***** Task data *****
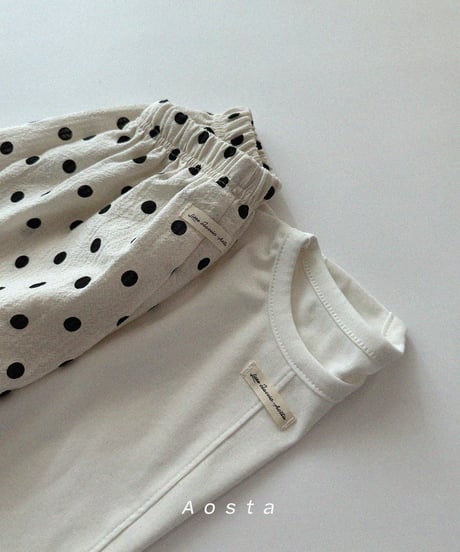 即納aosta necessary tee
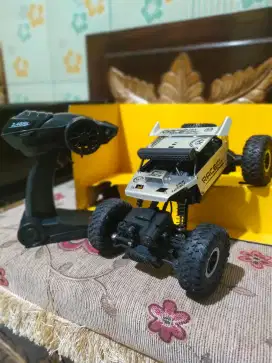 Mobile remot 4WD model offroad  masih baru skala 1:14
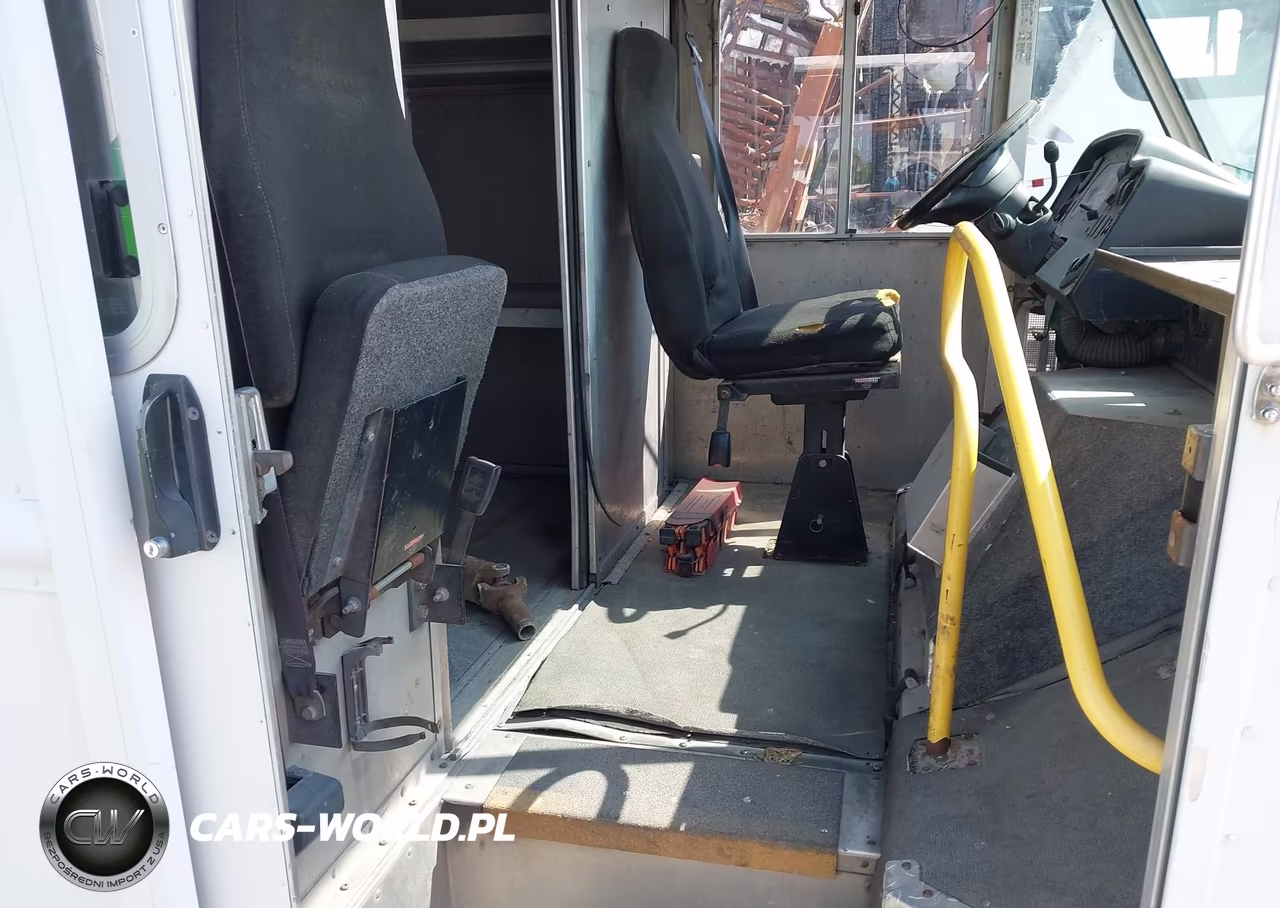 2013 Ford E-450 Stripped VIN:1FC4E4KLXDDB32652 - 6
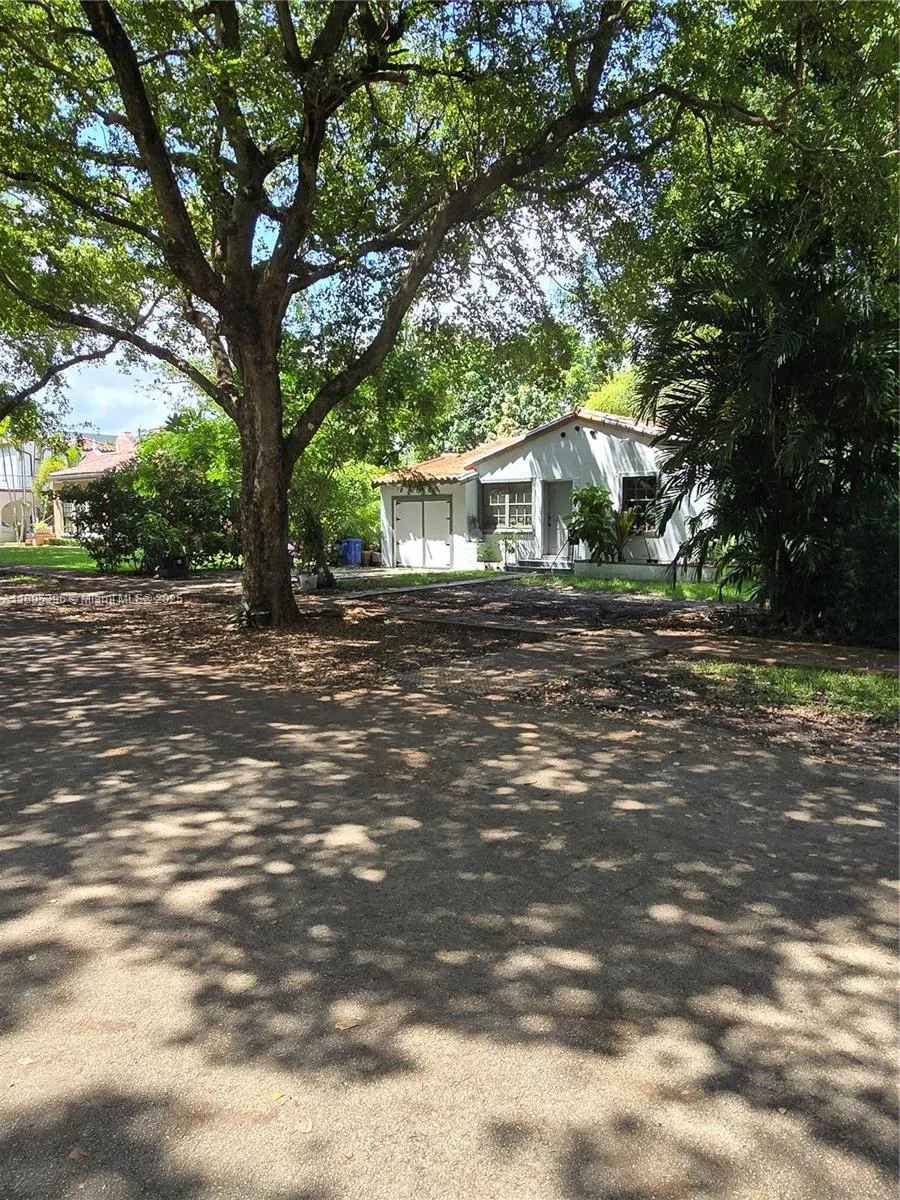103 Romano Ave, Coral Gables FL 33134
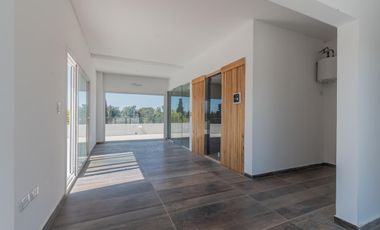 Venta de Departamento 2 ambientes de 61 m2 con cochera en Condominio Magnolias (Full Amenities)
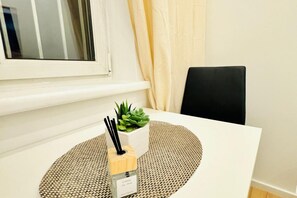 Interior - Convenient Stay for Two Near Atzgersdorf (Vienna)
*****
What is required: Set down the records again verbatim, with no pictures.

The completed task:
 即納aosta necessary tee
 Mobile remot 4WD model offroad  masih baru skala 1:14
 2013 Ford E-450 Stripped VIN:1FC4E4KLXDDB32652 - 6
103 Romano Ave, Coral Gables FL 33134
 Venta de Departamento 2 ambientes de 61 m2 con cochera en Condominio Magnolias (Full Amenities)
 Interior - Convenient Stay for Two Near Atzgersdorf (Vienna)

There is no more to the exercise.